Gathering Information At Your Interview: Interviewing the interviewer
By Brandon Miller
Monster Generation Y Contributing Writer
Everyone knows that an interview is all about being judged.
We stress over the details on our resume, our portfolios of work, the wrinkles in our best (and in my case, only) business suit, and that last stray hair that doesn’t want to cooperate. We expect to be summed up based on how we perform. But few people go into the interview seeking to critique the interviewer.
Here are some tips on how to interview the interviewer and the company you wish to work for.
Always come prepared to the interview
Never step into an interview without the necessary tools – a pen, some paper, and a list of questions. You would be amazed with the number of interviewees who do not arm themselves with these basics.
Your questions should show that you’ve done research on the company and the industry. Informing yourself of industry standards on things like salary and benefits will allow you to see how this position stacks up against similar positions at other companies.

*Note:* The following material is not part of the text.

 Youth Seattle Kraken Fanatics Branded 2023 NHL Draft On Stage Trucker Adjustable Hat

Observe the atmosphere in the company
It’s important that you feel comfortable at a company, and that’s why it is crucial to pay attention to your surroundings when you go in for an interview. Look around. Is the office hostile or tense? Or, conversely, is it too disorganized and relaxed for your liking? It’s much better to realize these things early on in the interview process.
Talk to everyone
You should definitely ask questions of the interviewer, but it’s important not to stop there. Why not be friendly and ask the receptionist what s/he likes about the company? If you come in contact with any other employees, ask them how long they’ve been there. It might just start a conversation and you’ll get insider opinions, and in the process, show that you are seriously interested and an eager potential employee.

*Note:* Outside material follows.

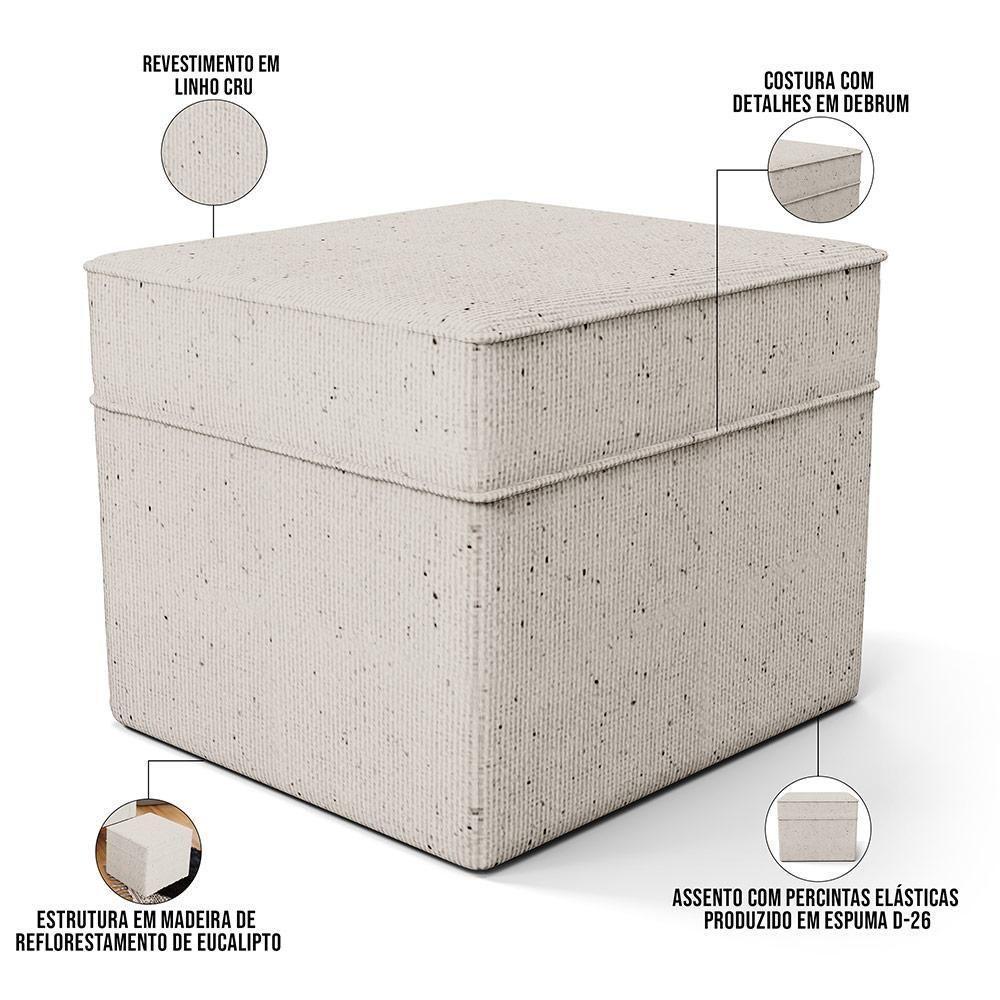 Poltrona De Amamentação Com Balanço E Puff Mavie L02 Linho Cru - Lyam Decor - 5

Tips to remember during your interview:
1. Take notes. It shows that you’re listening and seriously interested in the position.
2. Don’t go overboard. Stick to relevant questions – things like start date, salary, and responsibilities of the position – and avoid jumping the gun. Unless casual Fridays are a deciding factor for you, leave that inquiry until you actually get the position.
3. There is such thing as a dumb question, despite what you have been told. Make sure that you know what you are talking about by doing plenty of research beforehand.